Je peux être perçue comme une mère qui laisse son enfant faire tout ce qu’il veut. La nuance, c’est que je te laisse vivre ton expérience humaine comme tu le souhaitse, en accord avec ta nature et ce que tu es. Il arrive que je me fasse la réflexion que tu n’es peut-être pas tout à fait humain, mais j’ai cheminé moi aussi. J’ai compris que je devais t’aimer comme tu es Alors j’accepte. Je suis la maman jamais bien loin, juste là, qui surveille en se répétant « j’espère que ça va bien aller ». Même quand ça se passe mal, tu viens rarement vers moi. Tu peux te retourner, vérifier si je suis là, te relever et continuer. Pour toi, c’est amplement suffisant.
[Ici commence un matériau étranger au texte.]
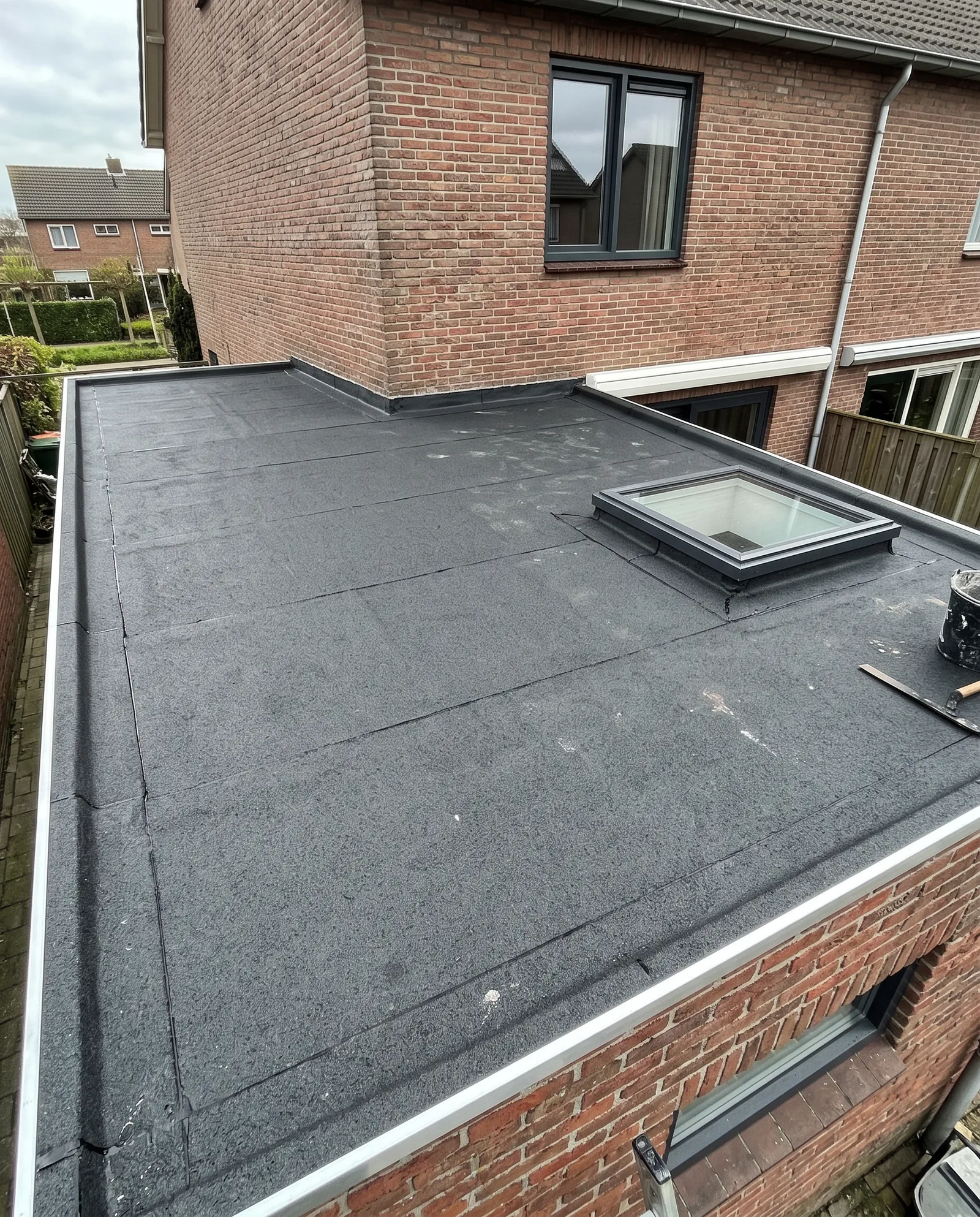 Nieuw plat dak met bitumen en strak afgewerkte daktrim, van bovenaf gezien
Il y a ce moment, le soir quand tu te couches où je te borde et discute avec toi de ta journée. Tu me parles avec fierté de ce que tu as fait. Ta grande curiosité fait en sorte que tu peux me poser milles et une question sur la vie. Comme si, dans ta tête, tu préparais ton expédition à travers la vie humaine du lendemain. Dans tes questions, je sens parfois que tu veux contre valider certaines de tes peurs. Avec le sourire, ton enfant téméraire, tu m’écoutes et je te sens heureux. Je profite de ce moment précieux où tu prends le temps de m’enlacer en me soufflant à l’oreille le plus doux des je t’aime. « Moi aussi je t’aime » que je te réponds en tentant d’étirer un peu plus longtemps l’unique moment ou tu es à mes côtés plutôt que trois pas en avant.